Alumna returns to lead softball team

Curylo

UIC alumna Lynn Curylo will return to campus as head coach of the softball team, becoming the seventh head coach in program history.

“I am extremely excited to be back where my decision to become a coach was made, where I played college ball and where I earned my degree,” Curylo said. “This is home for me.

“While it saddens me to leave Wright State, I am honored and thankful for the opportunity Jim Schmidt, Tonya McGowan, and the UIC administration has given me.”

As a student athlete, Curylo starred as an outfielder from 1994-97. She was a member of the Hall of Fame 1994 squad that posted 56 victories and made it to Oklahoma City with the program’s sole Women’s College World Series berth. She was an integral part of 201 victories over four years and the Flames won nearly 73 percent of the time they took the field during that era.

Curylo and her UIC teammates posted an eye-popping 58-3 mark in conference play while winning one Mid-Continent Conference championship (1994) and two Midwestern Collegiate Conference crowns (1996 & 1997), which is now the Horizon League.

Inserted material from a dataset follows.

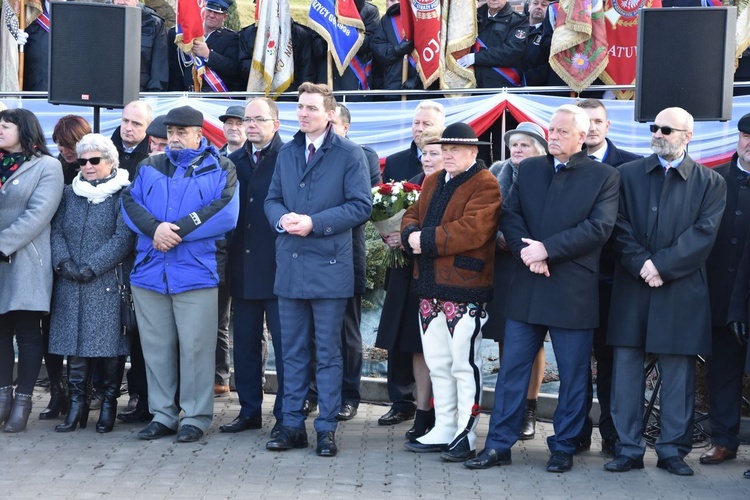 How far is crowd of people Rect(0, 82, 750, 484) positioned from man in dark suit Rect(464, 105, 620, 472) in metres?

Curylo’s name remains prominently dotted throughout the UIC record book. She was a two-time All-MCC First Team selection as an outfielder, earning back-to-back recognition in 1996 and 1997. She played in all 80 of the team’s games in 1997, which ties Curylo for eighth on the program’s single-season list. She hit 12 triples in four seasons for the Flames, for sixth on the all-time list. Half of those three-base hits (6) came in 1996, placing her tied for seventh on that single-season chart.

“Bringing Lynn back to UIC was a priority,” said Schmidt, UIC athletic director. “She is a rising star who has proven she can lead a program. Lynn played for a great coach at UIC in Mike McGovern at the beginning of a run of excellence that is unparalleled in our history. Her work with Coach Terri Sullivan at Illinois added to her skillset.

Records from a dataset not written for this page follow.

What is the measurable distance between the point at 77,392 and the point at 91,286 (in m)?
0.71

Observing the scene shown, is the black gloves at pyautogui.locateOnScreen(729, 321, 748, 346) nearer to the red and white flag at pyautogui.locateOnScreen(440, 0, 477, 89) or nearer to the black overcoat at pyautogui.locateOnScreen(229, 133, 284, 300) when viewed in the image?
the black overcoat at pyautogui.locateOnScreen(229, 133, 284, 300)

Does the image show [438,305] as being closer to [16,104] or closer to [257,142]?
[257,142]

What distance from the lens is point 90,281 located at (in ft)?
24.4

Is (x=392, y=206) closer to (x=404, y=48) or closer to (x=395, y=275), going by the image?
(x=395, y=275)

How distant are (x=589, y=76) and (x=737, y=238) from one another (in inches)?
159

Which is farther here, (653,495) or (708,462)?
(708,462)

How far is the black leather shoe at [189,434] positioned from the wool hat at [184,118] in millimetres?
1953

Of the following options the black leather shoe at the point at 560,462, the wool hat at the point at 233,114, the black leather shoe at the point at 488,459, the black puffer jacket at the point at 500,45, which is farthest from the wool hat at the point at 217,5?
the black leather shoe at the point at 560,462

“Lynn Curylo has great energy and is the ultimate competitor. UIC alumni, fans and our excellent group of returning players won’t find a more dedicated Flame than Lynn.”

“Of the many special student-athletes I have had the privilege of coaching, as well as the talented people I have met in college athletics,

Curylo is competitive, driven and hard-working, said Terri Sullivan, former UIC assistant coach and architect of the University of Illinois’ softball program.

“Because of such qualities, she excels at helping student-athletes realize their own potential in all areas of their lives,” Sullivan said. “Lynn personally thrives on the opportunity to be challenged to be at her best, so no one ever out-worked her as a player, and no one will as a coach.”

For the last six seasons, Curylo has served as the head coach of the Wright State Raiders. Since 2011, she was at the helm for 147 victories, including 77 in Horizon League play. No other head softball coach in WSU history won more conference games than Curylo. The Raiders won 18 Horizon League games in 2016, the most in one season by any group. The team’s 37 total victories also marked the best single-season output in program history.

In each of the last two seasons, the native Chicagoan positioned Wright State within one win of an NCAA Tournament berth by reaching the championship of the Horizon League Tournament. During her tenure five Raiders earned All-Horizon League First Team recognition and 14 student athletes received Second Team nods.

“Having seen the Flames up close recently, I am well aware of the talented student-athletes that make up the current roster,” Curylo said. “I look forward to meeting the group, to assembling a staff, and to continuing a tradition of graduating student athletes who will make all those that have graduated before them, and the University of Illinois at Chicago proud.”

Curylo worked for two years as an assistant coach at the University of Illinois. The Fighting Illini went 74-25 during her time in Champaign from 2009-10, and the club won 28 Big Ten games. In Curylo’s second season, Illinois won 45 games overall while posting a 16-2 mark in conference play. That group finished second at the NCAA Columbia Regional.

Curylo’s first stint as a collegiate coach came when she worked as an assistant coach at Tennessee State from 2007-08. She helped make an immediate impact on that program as the Tigers won 35 games en route to the first winning season in program history.

She cut her coaching teeth at the high school level as the head coach at Milikan High School in Long Beach, California, from 2001-06. Curylo was named the Coach of the Year in 2005 after the Rams won the California Interscholastic Federation championship.

Curylo, who was born and raised a Cubs fan on Chicago’s northwest side, graduated from UIC in 1998 with a bachelor’s degree in kinesiology. She attended Resurrection College Prep High School in the city’s Norwood Park neighborhood. In 2015 she was inducted into the school’s Athletic Hall of Fame.